Sunday, October 9, 2016

Why must Rubashov confess to crimes he didn't commit, and how does he reconcile being forced to do this?

Darkness at Noon is a fictionalized treatment of the Stalinist purge trials of the late 1930s. An urge to consolidate power and to satisfy his own paranoia led Stalin to turn on many of the "old Bolsheviks," those men who had been most instrumental in the success of the Russian Revolution twenty years earlier. These men were thrown in jail, forced to sign false confessions, and executed.
Rubashov in Darkness at Noon is a kind of composite of different men who suffered this fate. What we see is that Rubashov, in reviewing his life, questions his own motives and the rightness of the communist cause. For instance, as a Party chief, he had ruthlessly dealt with fellow Party members who had presumably not followed orders to the letter but had also not been traitors. It is partly his guilt about this past behavior that makes Rubashov believe his own life is not worth saving. At the same time, he realizes that the revolution has gone astray from its true goal. In the opening pages of the story, Rubashov already appears to be cynical about the regime, commenting on the poor quality of the roads and scolding a young officer by asking rhetorically, "Have you ever been on the outside?"
The relentless interrogation by the Party apparatchik Gletkin wears Rubashov down so that ultimately he is no longer sure of the truth, of what he remembers his own actions to have been. This, coupled with his guilt and disillusionment, makes him confess, for this seems no better or worse than any other option in a life he looks back upon as a failure. The situation is similar to that of Winston in 1984; Orwell had read Arthur Koestler's books and was heavily influenced by them. In both Darkness at Noon and 1984,we are shown how totalitarian regimes manipulate facts in order to destroy their victims' sense of objective reality. Rubashov no longer fully knows what is true and what isn't. But his realization is that the regime he had fought for supports goals which are the opposite of what he believed in and what he believed he was working for. The one positive thing at the close of the story is that, as Rubashov is led to the prison cellars to be shot, the other prisoners express their solidarity by rapping on the walls and shouting their approval of him.

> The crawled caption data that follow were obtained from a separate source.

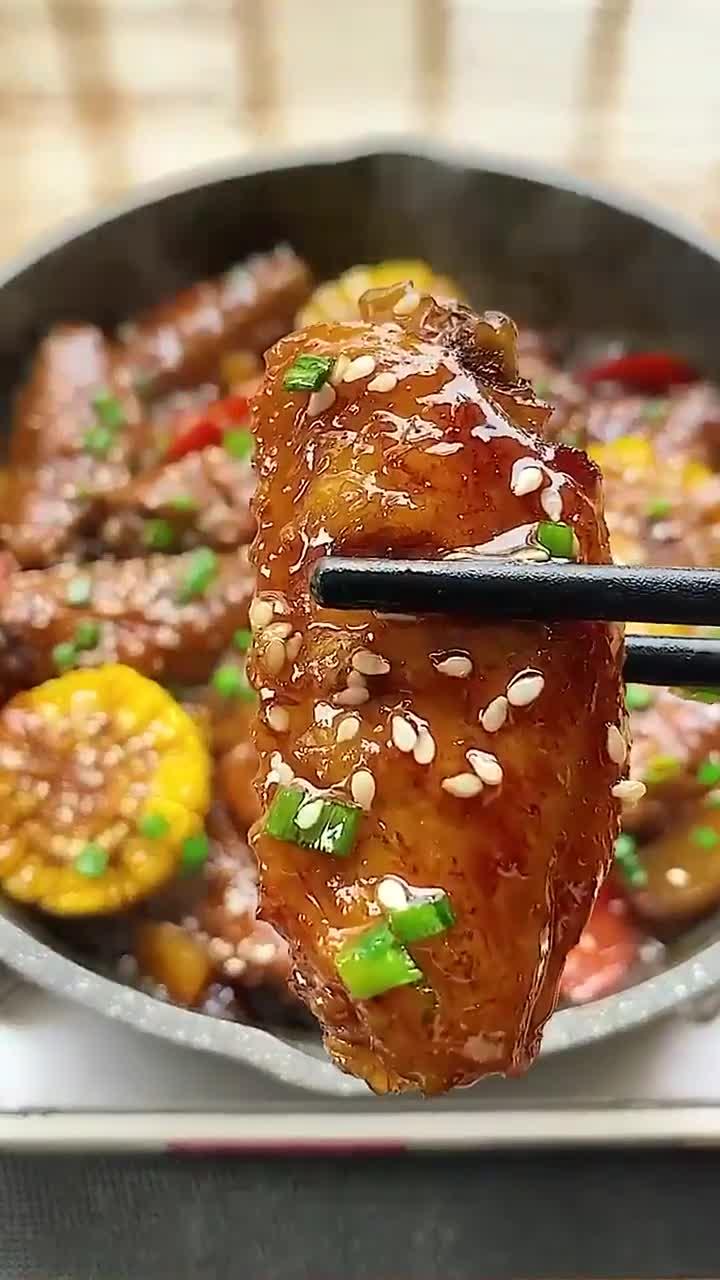 可乐鸡翅煲，营养均衡，吃得安心又轻松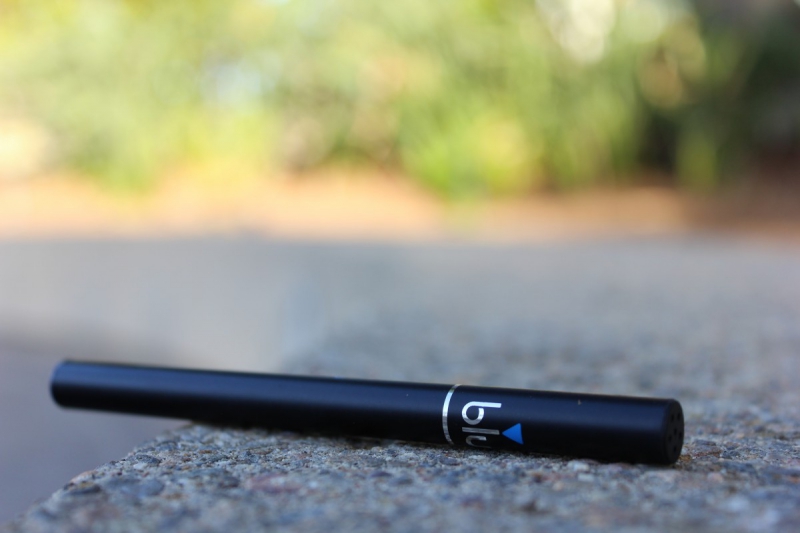 magasin-LES MAYONS-min_e_cigarette_vaping_blu_cigs_blu_electronic_cigarette_tobacco_cigarette_smoke-637061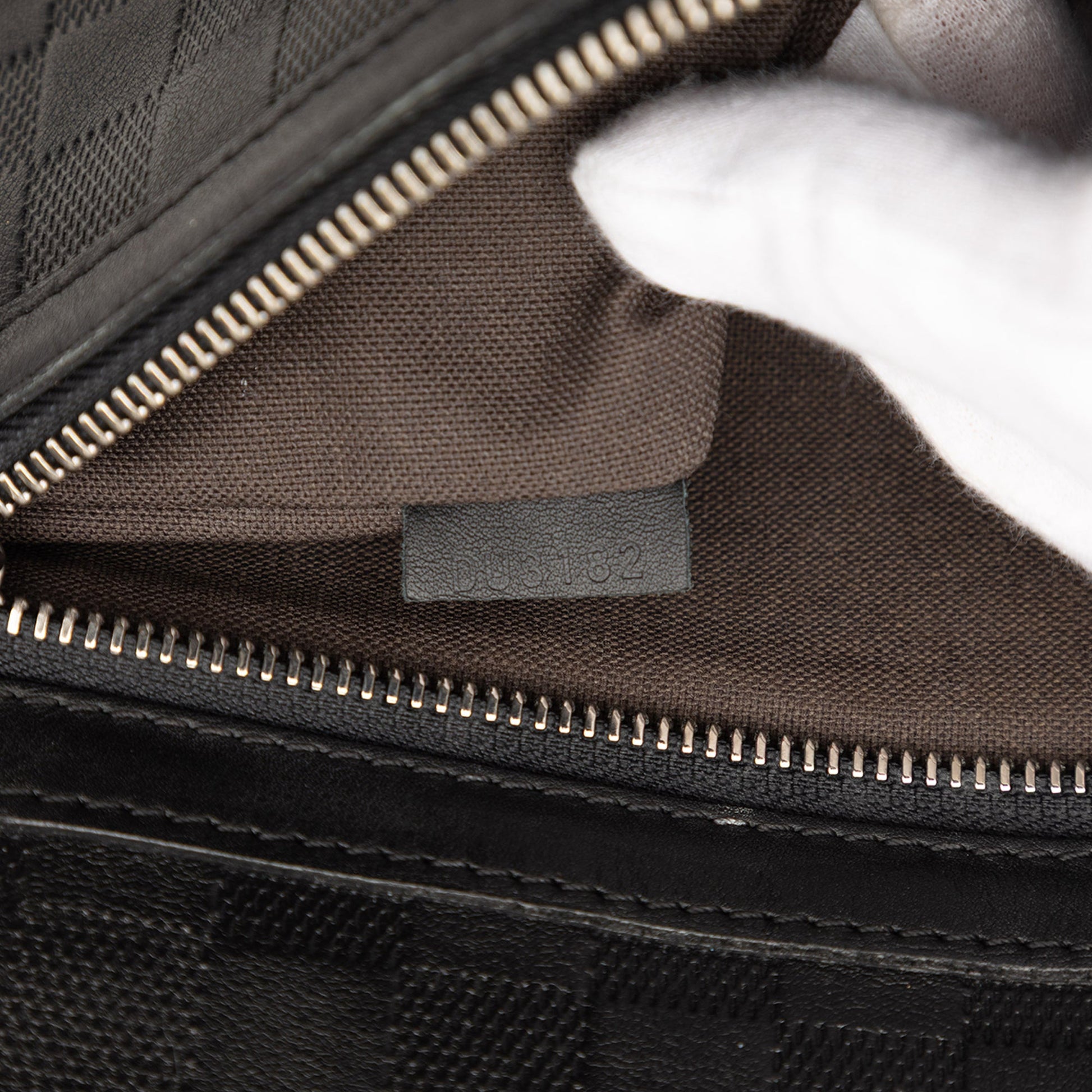 Louis Vuitton Damier Infini Calypso MM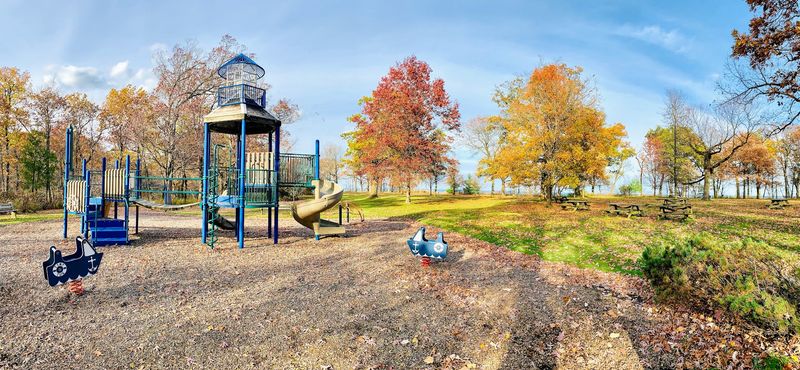Why This Illinois Beach Works So Well for Families Why This Illinois Beach Works So Well for Families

One can argue that Rubashov had to confess because he had no other choice. As a lifelong and faithful Communist, Rubashov had been taught to adhere to every tenet of the Communist ideology. He was deeply committed to the Communist cause and had never veered from obeying his superior officers.
Initially, Rubashov regarded his confession as a "formality, as an absurd yet necessary comedy." He reasoned that anyone who knew of his illustrious career as a Communist would never believe some of the things he had been accused of. In fact, the spurious actions he was supposedly guilty of would have undone all his work at making the Revolution a success. Rubashov admitted to Gletkin that his initial two confessions were made to humor the Party bosses. He had wanted to remain in the Party at the time, and he knew that he had to earn the privilege by making a confession.
For his last confession, Rubashov told Gletkin that he would only admit to having an "oppositional attitude" and that he would deny the acts that were the logical consequences of that attitude. Gletkin was displeased with Rubashov's stance and accused him of subterfuge; he proclaimed that the Party would accept nothing less than a "complete, public confession" from Rubashov of the "criminal activities" that were the "necessary outcome" of his rebellious attitude.
So, Rubashov had to confess to crimes he did not commit because the Party would accept nothing short of his acquiescence to Stalin's will; the Party's goal of extracting a forced confession from Rubashov was to ensure his political annihilation. Also, party officials wanted to protect themselves from any public fallout regarding their actions. 
Rubashov reconciled being forced to confess by convincing himself that all the tenets of his Communist faith were legitimate. He reasoned that he had often used the same ruthless methods of coercion on others and believed that, in the name of loyalty, he too had to submit to the wishes of the Party. Essentially, Rubashov saw any acquiescence on his part as a service to the Party he had pledged his life to. In the end, despite his confusion, Rubashov began to question everything he had once deemed to be true about his Communist idealogy.